Organizzare l’organizzazione
“Il punto di riferimento dei movimenti importa meno del movimento che inerisce al cambiamento dei punti di riferimento, la cui storia evolutiva (…) feconda ed entusiasma la ragione”.
M. Serres, Il mancino zoppo.
Traduzione per body based: segui l’onda e surfa da profeta! A parte le espressioni criptiche, intendo dire che, se si legge attentamente quanto sopra, ne consegue che quando diciamo che non ci sono più punti di riferimento, intendiamo per l’appunto punti fermi. In una realtà in continuo movimento non ci sono punti fermi, ma caso mai la forma dinamica che prende il movimento, ovvero il cambiamento dei punti fermi – e delle loro configurazioni. Avete presente le mappe storiche animate? Quello che conta non è la singola mappa ma il movimento della successione delle mappe, la sua forma dinamica tendenziale.
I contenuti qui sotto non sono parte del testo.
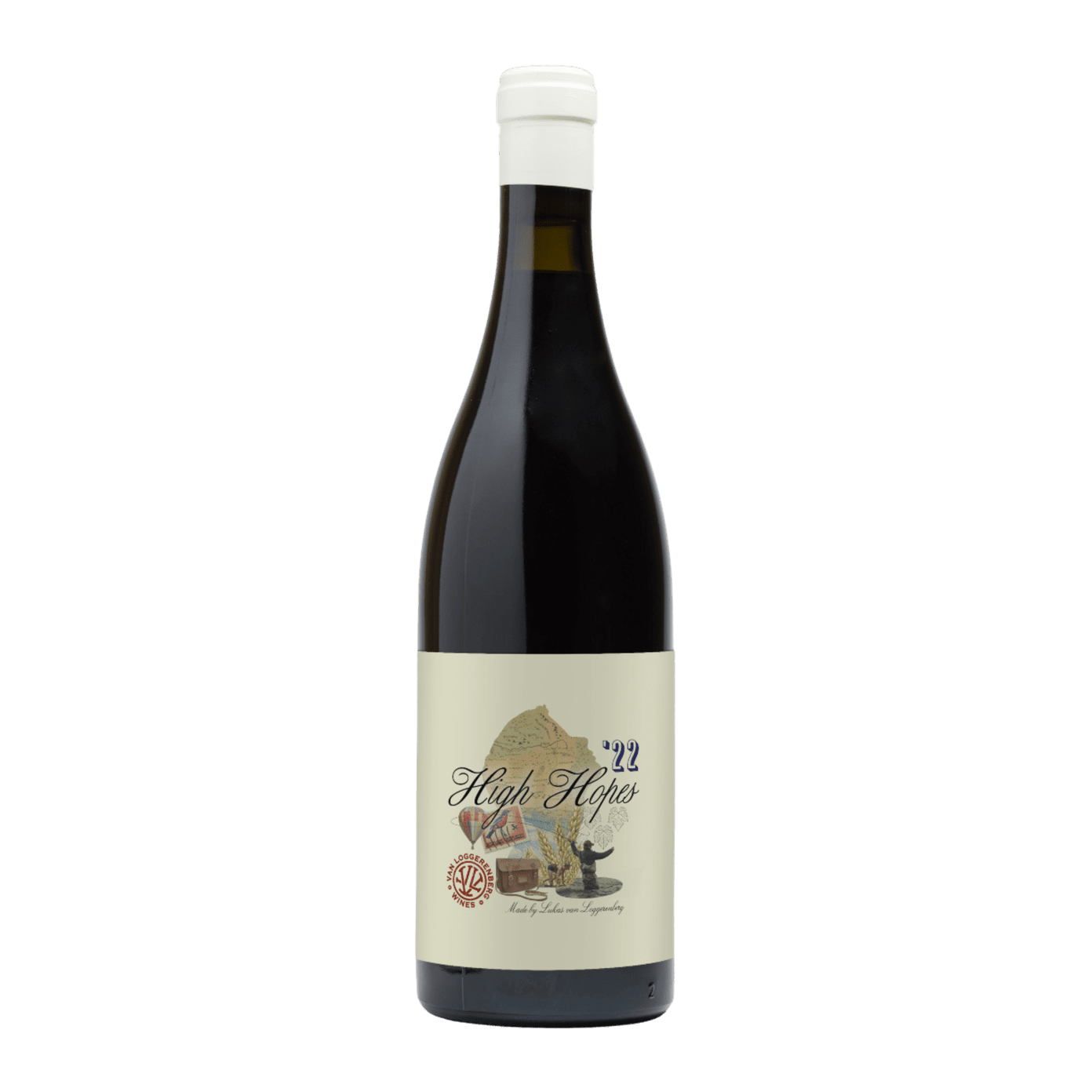 Van Loggerenberg High Hopes, Syrah blend 2022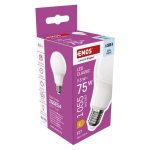 EMOS ZQ5E54, LED izzó Classic A60 / E27 / 9,5 W (75 W) / 1055 lm / Hideg fehér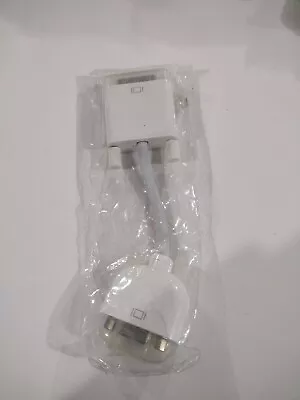 Genuine Apple 603-8525 5  DVI To VGA Display Adapter Converter Cable (DTOV) • $6.29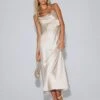 Princess Polly Perrie Midi Dress Cream -Princess Polly Sales Store 0 modelinfo beanie us0 7f8dc540 99c7 44de 808d 5aab3ceea270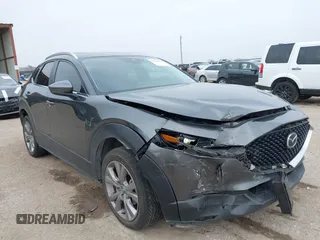 2022 Mazda CX-30 2.5 S Carbon Edition with VIN 3MVDMBCL4NM451121, listed as a IAAI auction lot 41506613 with 24,742 mi miles. Bid and sale history available at carsss.com. Image 1.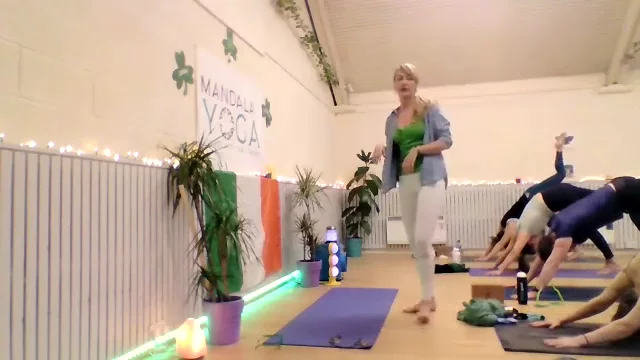 Salute the Shamrock - 60 Mins Slinky Flow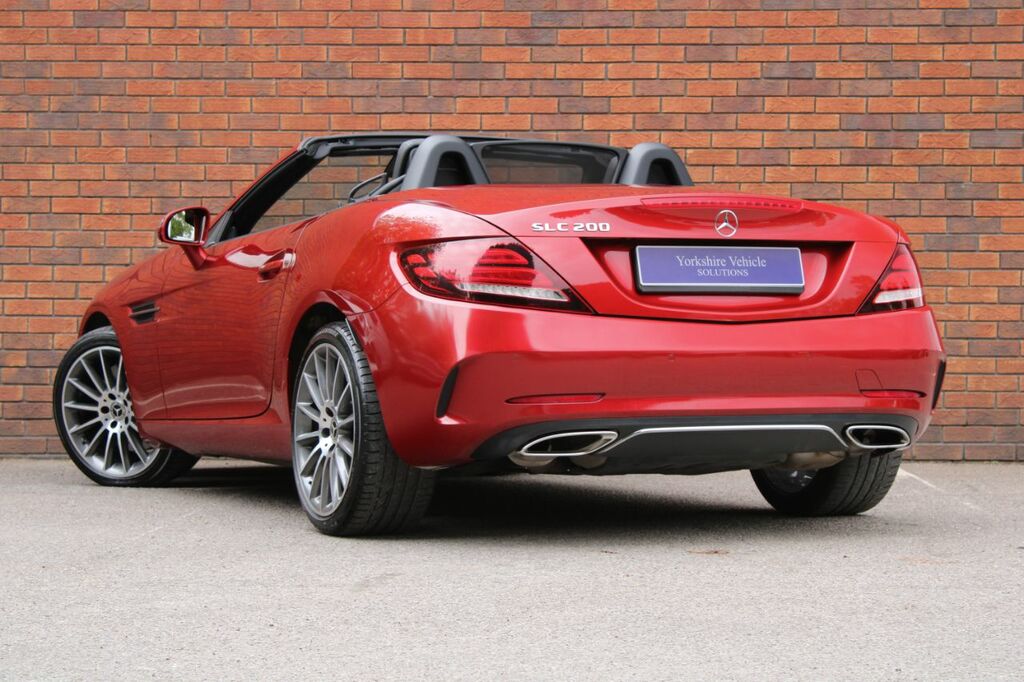 Mercedes-Benz SLC 2.0 Slc200 Amg Line G-tronic Euro 6 Ss - 20 Red #3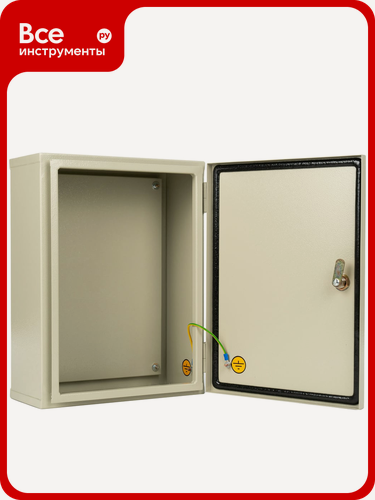 Изображение товара Щит с монтажной панелью МЭК электрика ЩМП - 04 МЭКх155IP65 Металлокорпус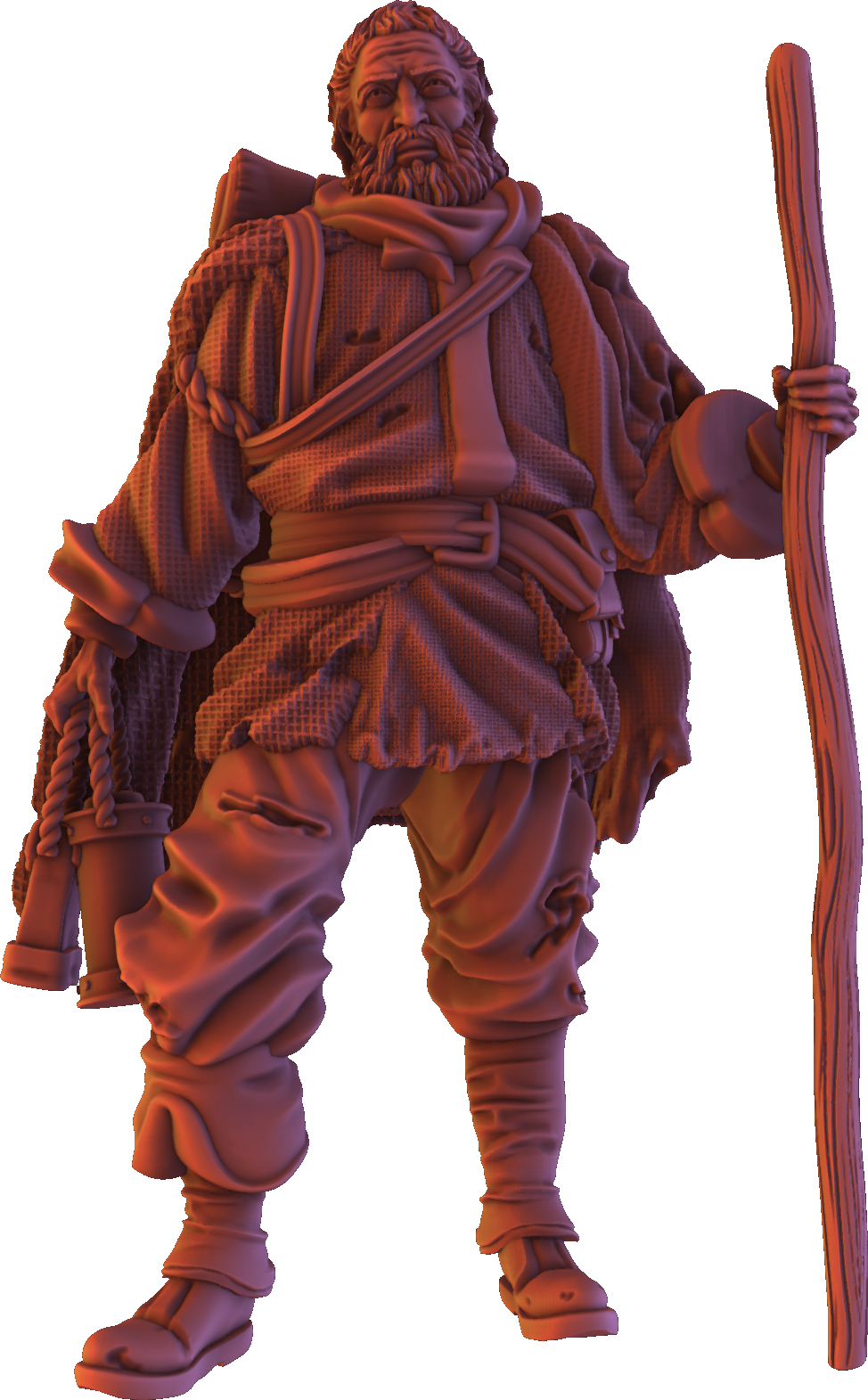 Forged Path - Willowbrook Underworld - Scavenger - DnD/TTRPG Figure/Miniature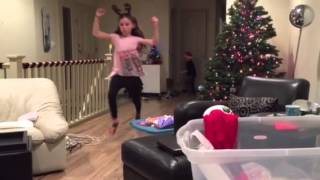 Sadie and Keegan's Christmas dance
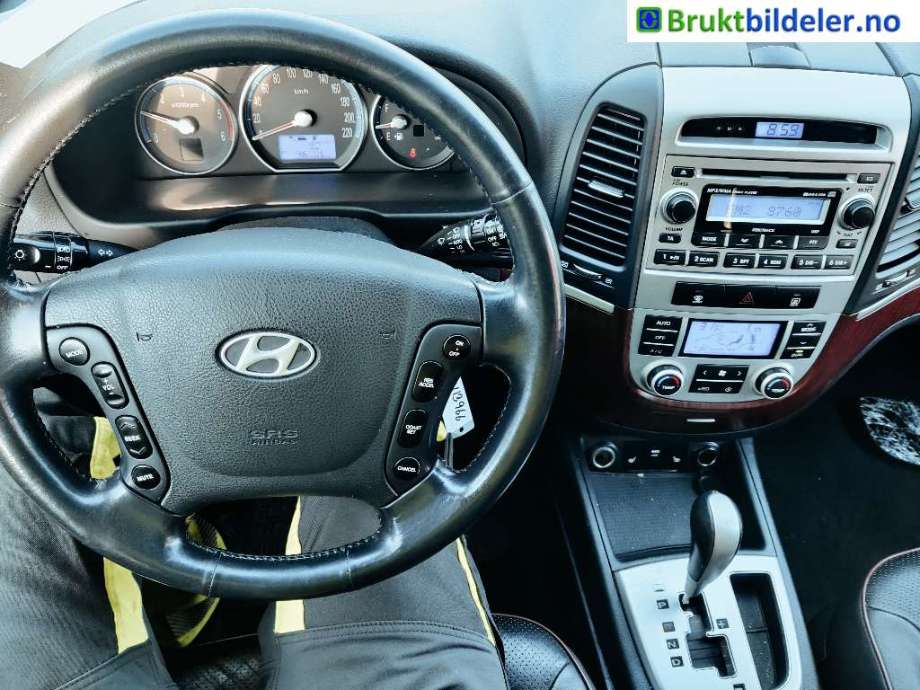 Hyundai Santa Fe 2006-2009 (Type II, Fase 1) , Motorkode: D4EB, Girkassekode: 
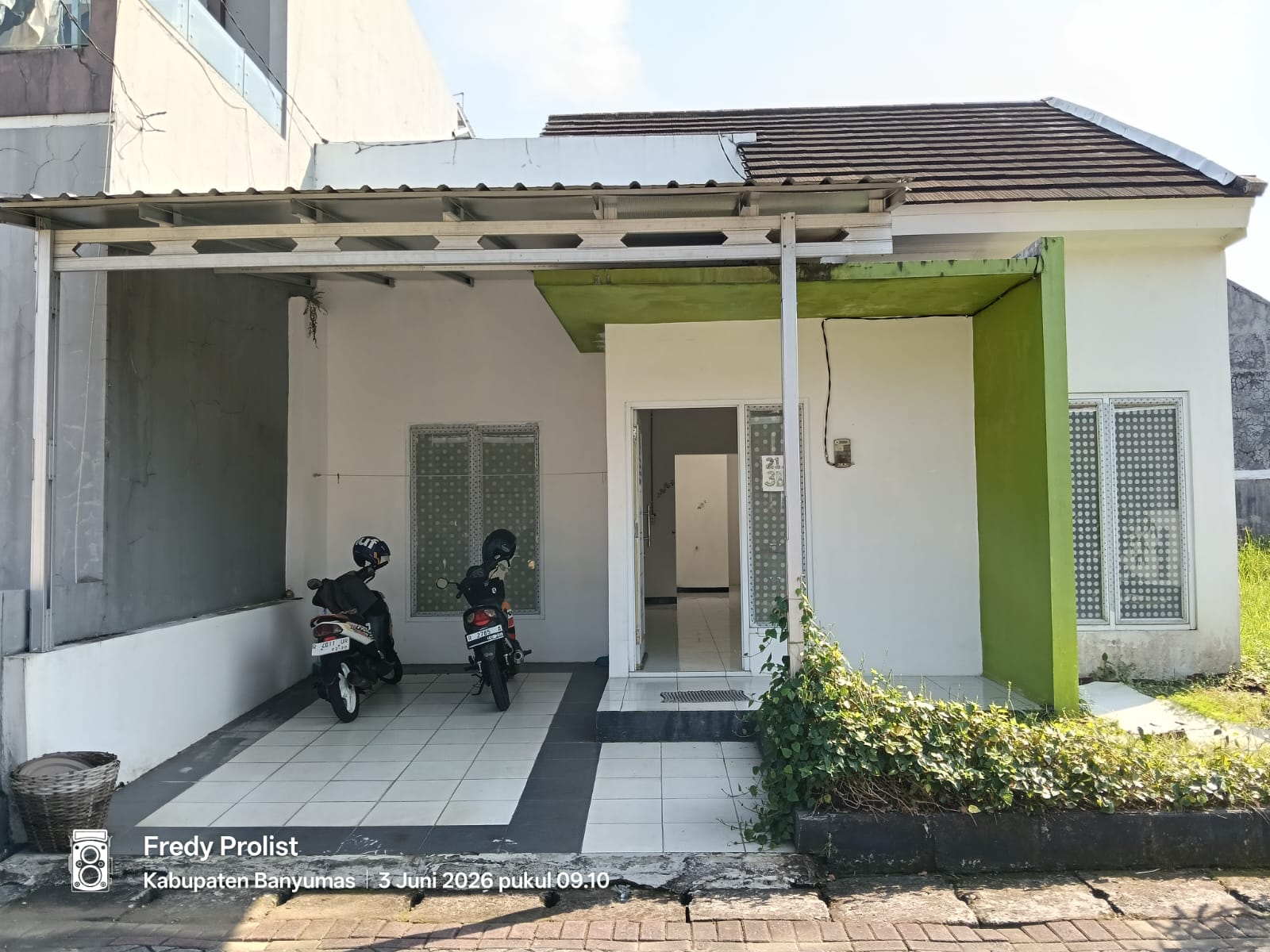 Disewakan Rumah Cantik Siap Pakai Diperum Favorit Purwokerto - GT view 1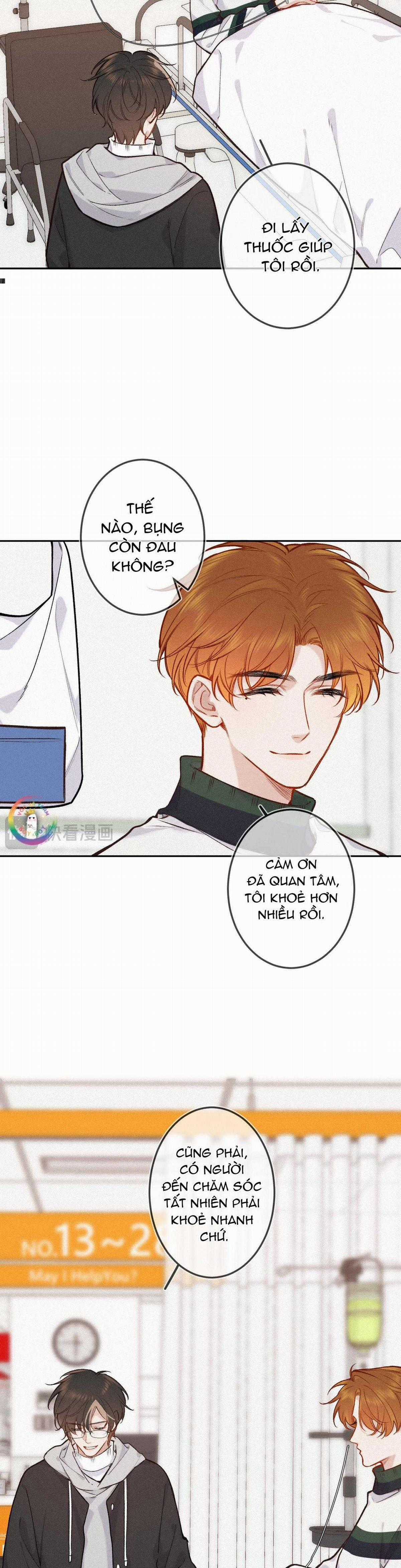 Em Đến Cùng Cơn Gió Chapter 32 trang 4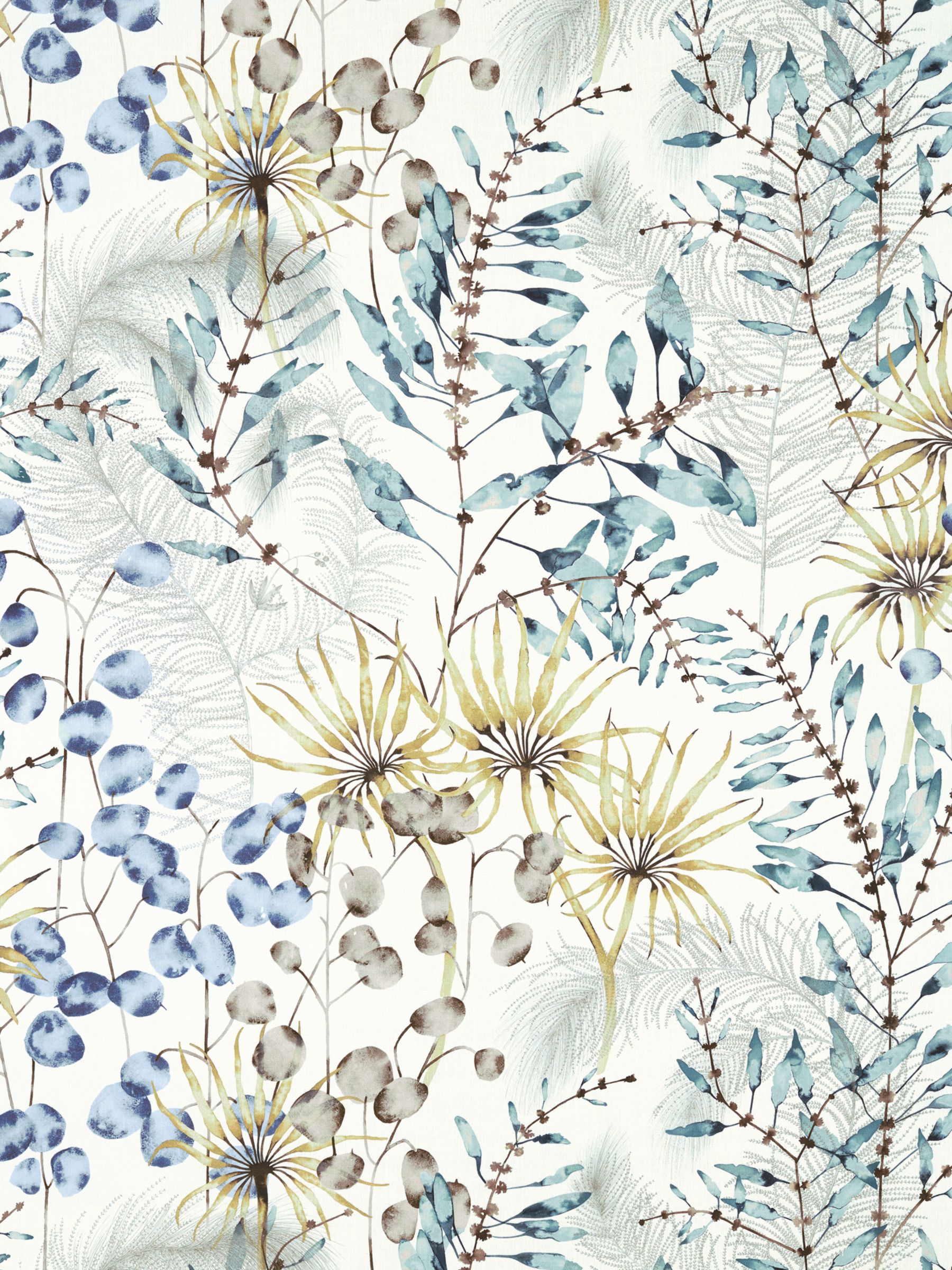 Harlequin Postelia Furnishing Fabric, Lagoon/Linden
Tradotto in basic per l’esistenza significa che non ci aiuta tanto sapere chi siamo, ma piuttosto cosa vogliamo e in cosa ci stiamo trasformando. Motivo per cui da un po’ di tempo provo un certo fastidio di fronte a espressioni come “essere sé stessi” o “trovare la propria identità”: presuppongono che l’essere se stessi stia li fermo, ad aspettare. Invece si muove.
Il discorso è ancora più valido per i sistemi sociali e organizzativi: se tutto cambia velocemente come pensare di poterne fare una mappa? O un modello tradizionale? Ho detto forse… organigramma? Ma non è solo questione di forma: è proprio la forma stabile che non funziona più. Bisogna pensare in modo evolutivo, come fanno i surfisti con l’onda. Bisogna capirla. Capire come si muove. Dove sta andando. E non è solo un’immagine poetica perché le conseguenze sono molto pratiche e immediate: i modelli organizzativi non servono più, si sono schiantati contro la complessità, che non è solo questione di dati e di quanti dati, ma di tempo. E tempo vuol dire storia.
Ci vuole una mente storica, evolutiva, previsionale, profetica e poetica. Nel campo del project management vi sono già strumenti adatti a farci un’idea del flusso (eviterei la parola rappresentazione). Ma soprattutto non dobbiamo dimenticarci che complessità significa che ci siamo dentro e che l’osservatore modifica l’osservato. Se vuoi capire impara ad agire (lo ha detto Von Foerster). Ne ho già parlato anni fa in una tesina di diploma all’MRI (Mental Research Institute) dove mostravo che per l’appunto non abbiamo più bisogno di nuovi modelli ma di modelli che modellizzino il formarsi dei modelli. Paradossale? Si, certo, appunto.